Researchers performed a prospective, randomized, double-blind, placebo-controlled trial (Cardiovascular Risk Reduction Study [CANTOS]; ClinicalTrials.gov identifier: NCT01327846) with 10,061 participants diagnosed with atherosclerosis but not cancer and a history of a myocardial infarction, to examine the effect of inhibiting interleukin-1b on cancer incidence.

 

Participants were randomly assigned to receive placebo or one of 3 different doses of canakinumab (50 mg, 120 mg, and 300 mg, subcutaneously every 3 months).

Study results demonstrated significantly higher baseline concentrations of high-sensitivity C-reactive protein (hsCRP) and interleukin 6 in participants who were subsequently diagnosed with lung cancer compared with those not diagnosed with cancer (median: 6.0 mg/L vs 4.2 mg/L; P <.0001, and 3.2 vs 2.6 ng/L; P <.0001, respectively). Follow-up at 3.7 years showed dose-dependent reductions in concentrations of hsCRP (26% to 41%) and of interleukin 6 (25% to 43%) in patients treated with canakinumab compared with those treated with placebo (P <.0001 for all comparisons).
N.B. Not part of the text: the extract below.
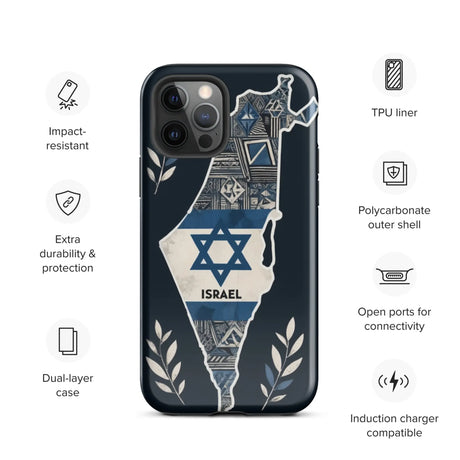 Map of Israel - Tough Case for iPhone® The Israel Store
Overall cancer mortality (n=196) was lower in those treated with canakinumab compared with placebo (P =.0007), with a significantly lower incidence in participants treated with 300 mg (hazard ratio [HR]: 0.49; 95% CI, 0.31-0.75; P =.0009). Incidence of lung cancer was significantly lower in the 150-mg and 300-mg treatment groups (HR: 0.61; 95% CI, 0.39-0.97; P =.034 and HR: 0.33; 95% CI, 0.18-0.59; P <.0001, respectively). 

Investigators concluded that lung cancer and lung cancer mortality might possibly be reduced through anti-inflammatory therapy with canakinumab, which targets the interleukin-1b innate immunity pathway. The effects of canakinumab were dose dependent, with the greatest benefit seen in participants treated with the 300-mg dose.

Reference

Ridker PM, MacFadyen JG, Thuren T, Everett BM, Libby P, Glynn RJ. Effect of interleukin-1b inhibition with canakinumab on incident lung cancer in patients with atherosclerosis: exploratory results from a randomized, double-blind, placebo-controlled trial. Lancet. 2017;390(10105):1833-1842.